Like, why does it have this shadowy title if we have a television show devoted to this event?
Right.
And also, doesn't it just beg the question of, I mean, is the day prior to illegal tampering,
the beginning of legal tampering period, the formal illegal tampering period?
And if so, is the illegal tampering period worthy of a show of its own?
That should be a show.
Yeah.
We got Rapsheet and Tom Pelliserro given the latest on the illegal tampering period.
Wouldn't you watch a show that was just the illegal tampering period?
watch a show that was just the illegal tampering period and it was just like a weekly show of just
blurred faces and distorted voices making making deals and you end the names are all bleeped out so
you have to sort of put two and two together. It's like, oh, a free agent running back. Oh, look out.
Let me think. Four years, 17 million. Who's worth that? Yeah. I like that idea. I was searching
for the dates today to make sure I had them right. And I found an explainer on NFL
dot com titled what is the legal tampering period.
So I'm going to make a suggestion.
What if we called this week free agency?
And once an hour, Rich Eisen or whoever's at the helm of the ship just said, you know what?
Contracts aren't official till Wednesday.
Right.
But here are the deals.
This is NFL free agency.
And we don't need to put this again, this cloak and dagger thing of like,
here's what's really going on guys.
No, no, they're actually just free agency.
It's just what it is.
The league has embraced this.
Yeah.
It's a thing.
It reminds me of when ESPN embraced Black Monday in the NFL network too
when all the coaches got fired.
It's like, it's a holiday.
It's coach firing day.
This doesn't seem so dangerous anymore when the league's official network is doing this.

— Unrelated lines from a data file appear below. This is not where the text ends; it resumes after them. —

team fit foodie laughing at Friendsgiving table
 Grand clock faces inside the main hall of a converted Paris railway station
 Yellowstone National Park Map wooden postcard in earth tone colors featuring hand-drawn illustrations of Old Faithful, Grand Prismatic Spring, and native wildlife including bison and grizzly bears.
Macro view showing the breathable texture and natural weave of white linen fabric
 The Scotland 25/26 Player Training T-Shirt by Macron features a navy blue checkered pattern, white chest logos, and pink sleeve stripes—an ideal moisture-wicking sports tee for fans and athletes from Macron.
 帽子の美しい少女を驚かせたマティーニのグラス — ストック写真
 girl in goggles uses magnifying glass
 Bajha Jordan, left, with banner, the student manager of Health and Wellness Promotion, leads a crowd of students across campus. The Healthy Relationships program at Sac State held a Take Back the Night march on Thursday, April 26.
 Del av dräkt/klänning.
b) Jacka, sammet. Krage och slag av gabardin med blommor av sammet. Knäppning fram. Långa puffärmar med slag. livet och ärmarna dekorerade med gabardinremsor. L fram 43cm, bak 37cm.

Can we have a separate holiday when the leagues hang out all the various iterations of the franchise tag
and just call it like the capitalism tampering period or something?
the human
the human freedom tampering period.
I think that would be
that would be a show
that I would watch too.
The single biggest story
of the legal tampering period
was not a free agent move at all.
It was Aaron Rogers.
Would Aaron Rogers decide to retire?
Or would he decide
he wants to play for the Jets?
Some people would compare to retirement.
The news was broken,
David, on Monday.
not by Adam Schaefter
Jay Glazer, one of the
roll call of NFL insiders we typically
turned to. It was broken by
Tray Wingo,
former ESPN anchor who's now doing
work with Caesar's sportsbook.
Wingo tweeted this on Monday.
Hearing Rogers to the Jets is done.
History about to repeat itself between New York
and Green Bay, meaning Brett Farr
once went there,
time is indeed a flat circle.
Now that was,
was really interesting because when we get a huge news break like that, that's not from the
gold tier insiders. And when the gold tier insiders don't come in and say, wing goes right,
I'm also hearing this. They didn't dispute his report, but it was kind of like, well, you know,
I think things are still happening here. And say it was wrong, but they also didn't come in and
confirm the story. Yeah.
kind of funny right because everybody was left in this free agent legal tampering limbo
where you're like i have no reason not to believe tre wingo who's been doing NFL stuff forever
but we have all been conditioned that until we see an adam schifter tweet the thing we are
being told is not real is your presumption that the people who know who should normally
know better or should know better or have been co-opted into this process somehow
into the delay? Have they been given the embargo that you're not allowed to report until the
Pat McAfee show or something? No, no. I think we're about to find out Adam Schaefter and Diana
Rossini, we're definitely trying to break news on this. I think Wingo had somebody or
some buddies who were telling him from some angle that people didn't have. Yeah, it is interesting.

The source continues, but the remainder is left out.